> Problem details
Nothing in the data should be left out or altered when it is retyped.

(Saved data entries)
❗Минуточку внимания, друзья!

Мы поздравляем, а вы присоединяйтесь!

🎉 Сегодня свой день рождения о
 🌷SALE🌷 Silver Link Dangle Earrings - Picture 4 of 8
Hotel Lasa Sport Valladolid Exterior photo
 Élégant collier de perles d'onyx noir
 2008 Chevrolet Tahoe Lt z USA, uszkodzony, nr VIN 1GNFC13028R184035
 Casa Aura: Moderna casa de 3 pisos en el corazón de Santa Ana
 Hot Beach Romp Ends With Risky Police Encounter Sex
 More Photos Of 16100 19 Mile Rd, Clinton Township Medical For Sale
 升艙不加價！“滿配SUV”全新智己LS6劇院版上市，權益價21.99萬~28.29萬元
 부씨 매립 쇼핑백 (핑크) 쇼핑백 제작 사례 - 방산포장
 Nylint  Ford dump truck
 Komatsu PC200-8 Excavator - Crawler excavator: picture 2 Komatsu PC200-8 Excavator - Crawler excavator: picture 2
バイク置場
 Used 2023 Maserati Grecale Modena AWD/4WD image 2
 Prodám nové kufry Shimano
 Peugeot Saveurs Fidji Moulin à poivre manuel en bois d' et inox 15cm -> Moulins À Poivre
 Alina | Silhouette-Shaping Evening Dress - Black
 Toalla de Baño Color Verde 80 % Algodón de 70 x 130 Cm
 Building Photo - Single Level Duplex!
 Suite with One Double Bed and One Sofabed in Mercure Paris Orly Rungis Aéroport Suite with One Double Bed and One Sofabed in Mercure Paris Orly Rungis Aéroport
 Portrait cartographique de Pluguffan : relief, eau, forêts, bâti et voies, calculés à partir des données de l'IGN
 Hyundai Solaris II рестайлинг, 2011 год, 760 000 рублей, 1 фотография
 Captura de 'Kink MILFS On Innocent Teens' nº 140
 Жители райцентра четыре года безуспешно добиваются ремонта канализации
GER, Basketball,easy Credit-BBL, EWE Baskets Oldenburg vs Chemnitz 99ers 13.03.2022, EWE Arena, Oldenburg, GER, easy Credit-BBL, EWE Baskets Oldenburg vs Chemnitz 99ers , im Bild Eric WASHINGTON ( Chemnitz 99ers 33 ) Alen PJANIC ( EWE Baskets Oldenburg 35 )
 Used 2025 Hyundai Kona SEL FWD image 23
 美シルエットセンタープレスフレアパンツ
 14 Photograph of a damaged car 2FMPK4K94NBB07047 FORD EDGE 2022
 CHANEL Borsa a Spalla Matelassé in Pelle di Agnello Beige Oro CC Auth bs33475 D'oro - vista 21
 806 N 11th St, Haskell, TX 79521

> Your solution
❗Минуточку внимания, друзья!

Мы поздравляем, а вы присоединяйтесь!

🎉 Сегодня свой день рождения о
 🌷SALE🌷 Silver Link Dangle Earrings - Picture 4 of 8
Hotel Lasa Sport Valladolid Exterior photo
 Élégant collier de perles d'onyx noir
 2008 Chevrolet Tahoe Lt z USA, uszkodzony, nr VIN 1GNFC13028R184035
 Casa Aura: Moderna casa de 3 pisos en el corazón de Santa Ana
 Hot Beach Romp Ends With Risky Police Encounter Sex
 More Photos Of 16100 19 Mile Rd, Clinton Township Medical For Sale
 升艙不加價！“滿配SUV”全新智己LS6劇院版上市，權益價21.99萬~28.29萬元
 부씨 매립 쇼핑백 (핑크) 쇼핑백 제작 사례 - 방산포장
 Nylint  Ford dump truck
 Komatsu PC200-8 Excavator - Crawler excavator: picture 2 Komatsu PC200-8 Excavator - Crawler excavator: picture 2
バイク置場
 Used 2023 Maserati Grecale Modena AWD/4WD image 2
 Prodám nové kufry Shimano
 Peugeot Saveurs Fidji Moulin à poivre manuel en bois d' et inox 15cm -> Moulins À Poivre
 Alina | Silhouette-Shaping Evening Dress - Black
 Toalla de Baño Color Verde 80 % Algodón de 70 x 130 Cm
 Building Photo - Single Level Duplex!
 Suite with One Double Bed and One Sofabed in Mercure Paris Orly Rungis Aéroport Suite with One Double Bed and One Sofabed in Mercure Paris Orly Rungis Aéroport
 Portrait cartographique de Pluguffan : relief, eau, forêts, bâti et voies, calculés à partir des données de l'IGN
 Hyundai Solaris II рестайлинг, 2011 год, 760 000 рублей, 1 фотография
 Captura de 'Kink MILFS On Innocent Teens' nº 140
 Жители райцентра четыре года безуспешно добиваются ремонта канализации
GER, Basketball,easy Credit-BBL, EWE Baskets Oldenburg vs Chemnitz 99ers 13.03.2022, EWE Arena, Oldenburg, GER, easy Credit-BBL, EWE Baskets Oldenburg vs Chemnitz 99ers , im Bild Eric WASHINGTON ( Chemnitz 99ers 33 ) Alen PJANIC ( EWE Baskets Oldenburg 35 )
 Used 2025 Hyundai Kona SEL FWD image 23
 美シルエットセンタープレスフレアパンツ
 14 Photograph of a damaged car 2FMPK4K94NBB07047 FORD EDGE 2022
 CHANEL Borsa a Spalla Matelassé in Pelle di Agnello Beige Oro CC Auth bs33475 D'oro - vista 21
 806 N 11th St, Haskell, TX 79521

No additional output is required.